Seketika, ruangan ini menjadi sunyi senyap, para hadirin di tempat ini terkejut dan menatap penuh haru ke arahku, bahkan ada pula yang menangis menyaksikan adegan yang aku lakukan, dimana aku bersujud di kaki ibuku, disaksikan ribuan orang di ballroom tersebut.
"Maafkan aku, ibu, maaf," kataku tepat di depan mic dan masih dengan posisi bersujud di kaki ibuku.
Tak lama kemudian, aku dituntun oleh ibuku untuk berdiri, dan dapat kulihat dengan jelas air matanya mengalir, ibuku menangis tersedu-sedu di depanku, dan akhirnya dia berkata.
"Terima Kasih, nak, ibu bangga padamu," dan dia pun memeluk tubuhku, dan disertai dengan tepuk tangan meriah dari ribuan orang di ruangan tersebut.

Bersama Bintang
Itulah kisah hidupku, penuh dengan lika-liku, dimana aku harus menderita batin selama bertahun-tahun. Dan kini, aku sedang berada di ruanganku, ruang kerja pribadi, sebagai seorang dokter dalam Sp. PD Uzumaki Pein.
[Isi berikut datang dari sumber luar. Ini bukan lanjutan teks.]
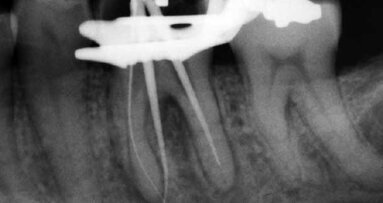 It’s never what you think it is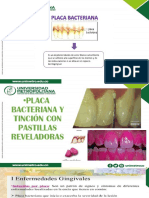 PB y Materia Alba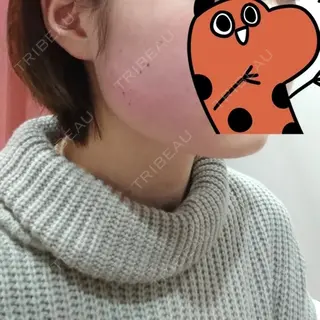 0日目の経過画像（3枚目）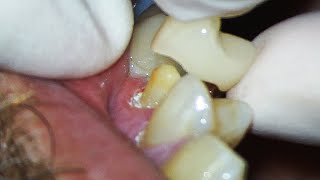 Dental Crown EXPLAINED and how much Tooth Youll Lose [upl. by Belicia]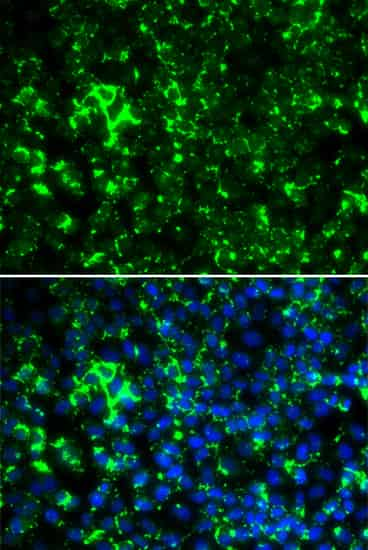 Immunofluorescence analysis of HeLa cells using KCNA2 Polyclonal Antibody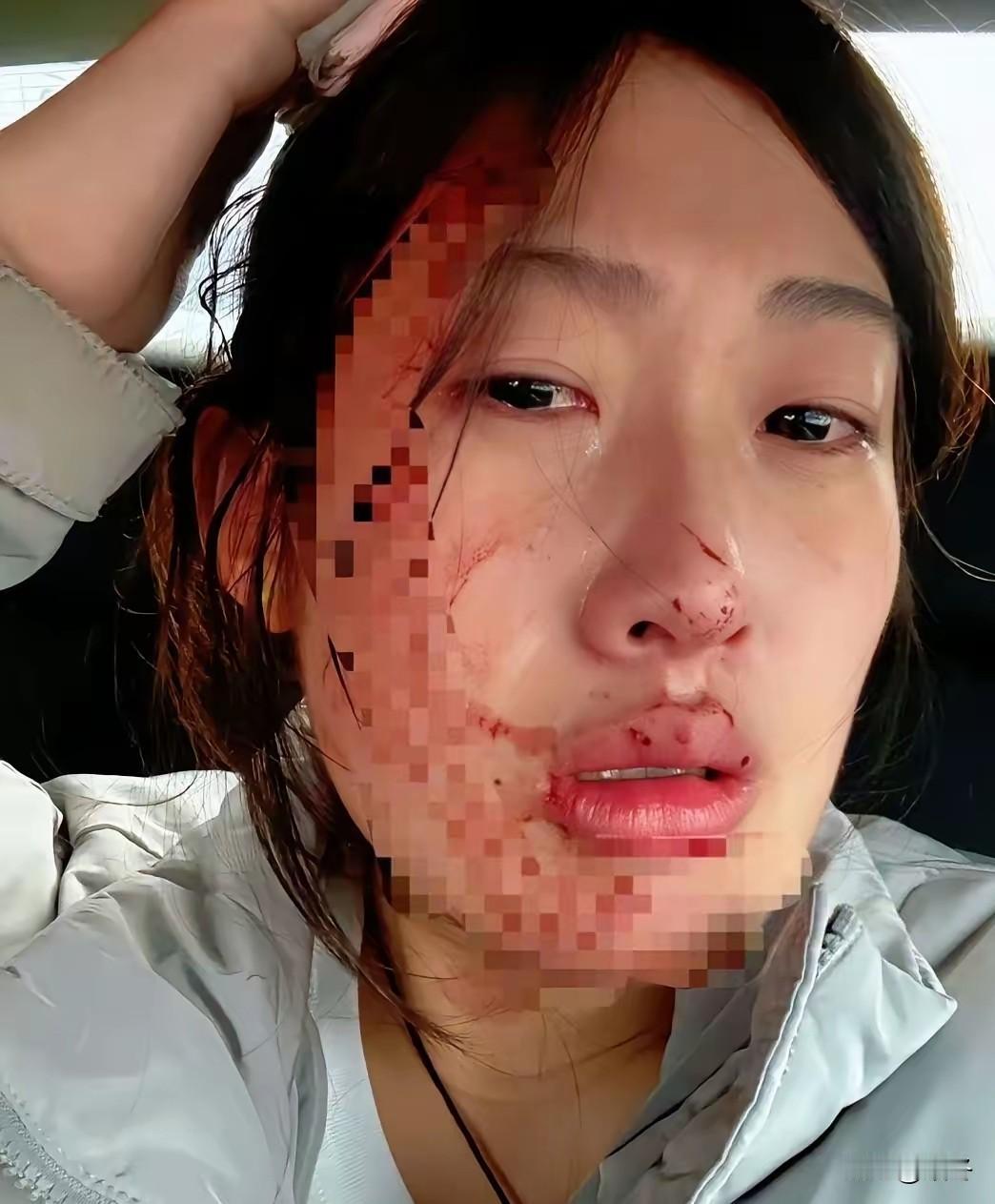 当针尖遇上拳头：一记重拳打碎的不仅是医护的尊严  

冰冷的输液室里，23岁的护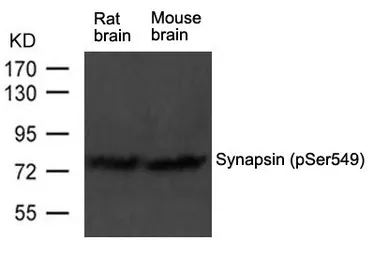 Anti-Synapsin I (phospho Ser549) antibody used in Western Blot (WB). GTX50750
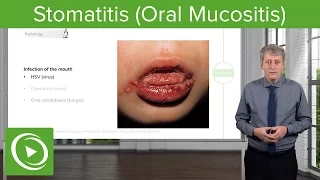 Stomatitis (Oral Mucositis) – Pediatric Infectious Diseases | Lecturio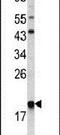 Actin Related Protein 2/3 Complex Subunit 3 antibody, PA5-13549, Invitrogen Antibodies, Western Blot image 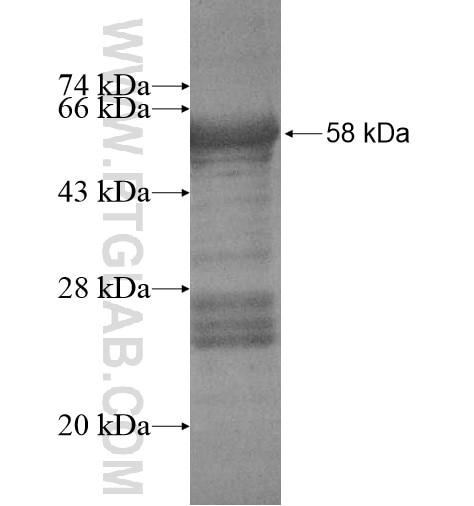 ACBD4 fusion protein Ag15045 SDS-PAGE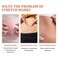 Natural Ingredients Stretch Mark Cream &ndash; Skin Elasticity Support &amp; Scar Repair Moisturizer for Smooth, Firm &amp; Even-Looking Skin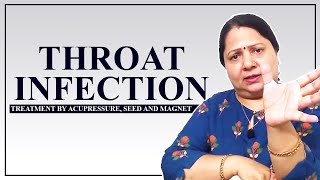 Treatment of Throat Infection by acupressure seed and magnet therapy [upl. by Munniks]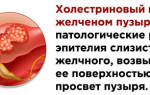 Холестериновый полип желчного пузыря можно ли вылечить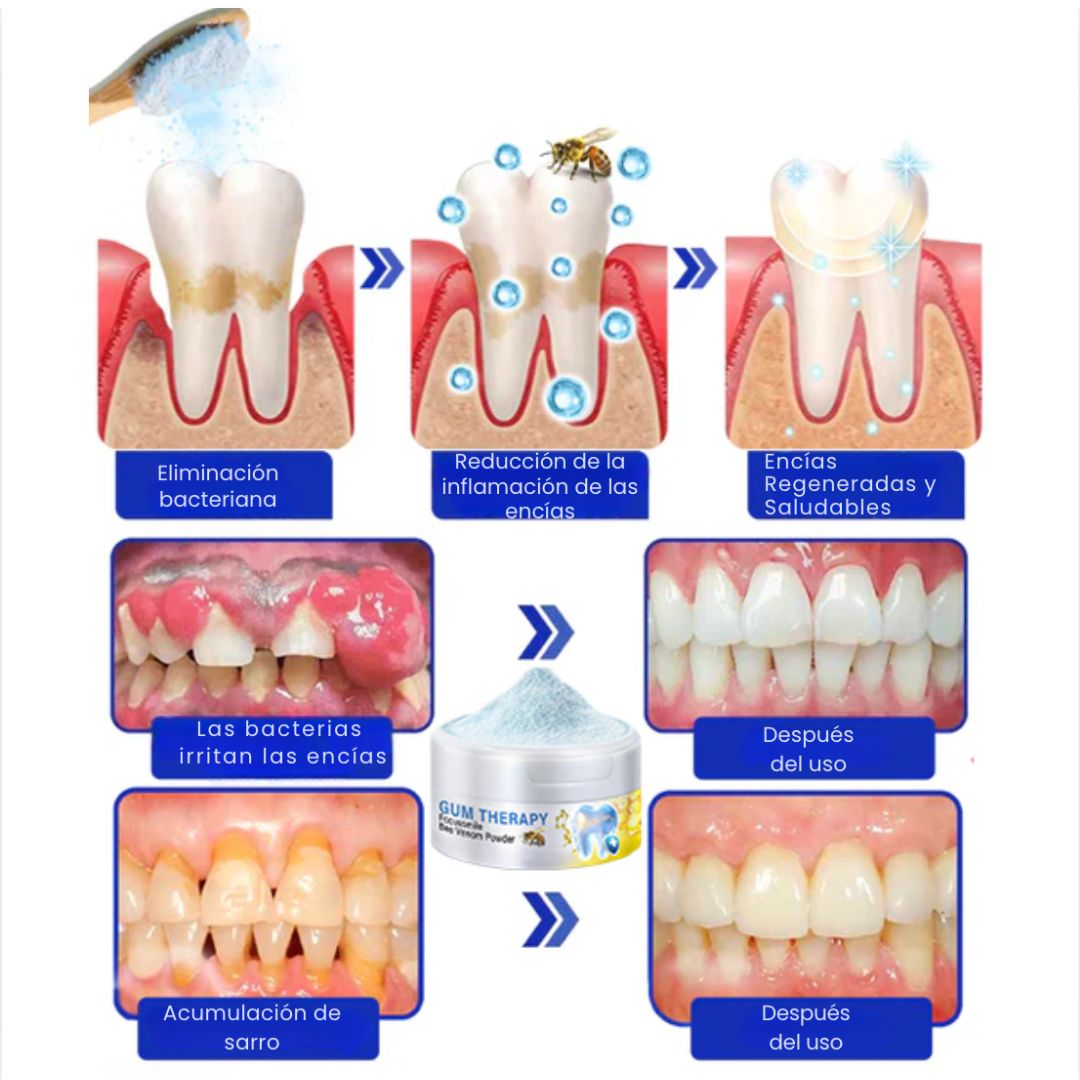 Beelive Dental – Recupera tus encías y luce una sonrisa sana desde casa, sin dolor ni químicos agresivos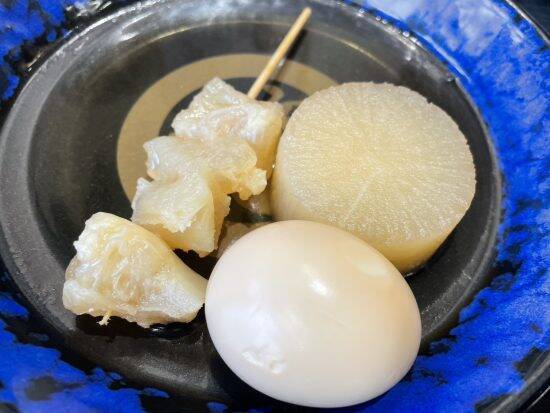 「この数値でまだ食うのか」医師に止められた32歳、γ-GT60倍でも資さんうどんで“2000円分の炭水化物”を止められない理由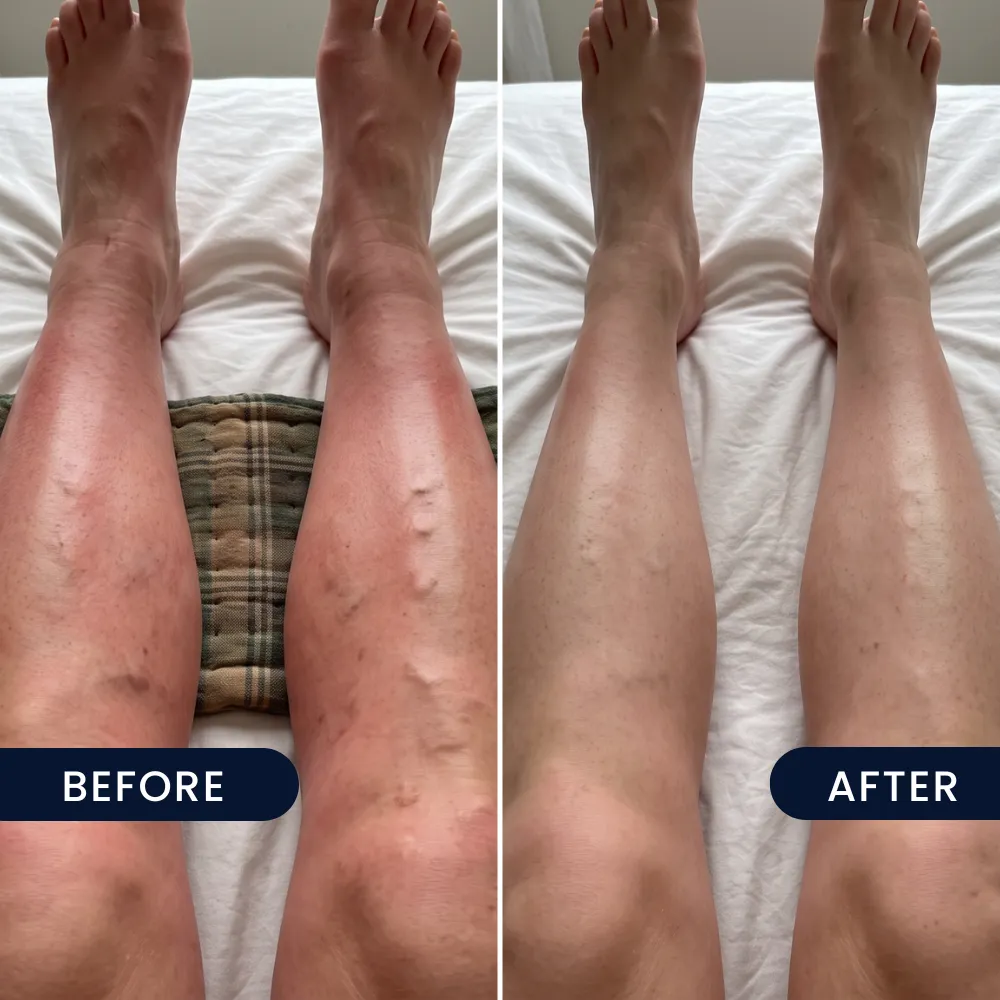 Painful, aching legs, before and after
Oh ya, sebelumnya maaf, aku baru kedatangan seorang pasien lagi setelah diberi tahu oleh asistenku, setelah dipersilahkan masuk, munculah seorang wanita berambut biru dengan hiasan bunga di kepalanya. Dan kepalaku terasa panas ketika melihatnya, jantungku juga berdetak tidak karuan, penyakit apa ini? memang aku seorang dokter, tapi gejala penyakit ini tidak pernah aku tahu sebelumnya. Gejala penyakit baru kah?
"Dokter, dokter kenapa?" Sapanya dengan lembut membuyarkan lamunanku.
"Eh? Hehe, tidak kok, boleh minta nomer hapenya?"
"Buat apa?"
"Hanya ingin PDKT saja,"
*Blushhh!*
Dan Kehidupan baru, dimulai sekarang.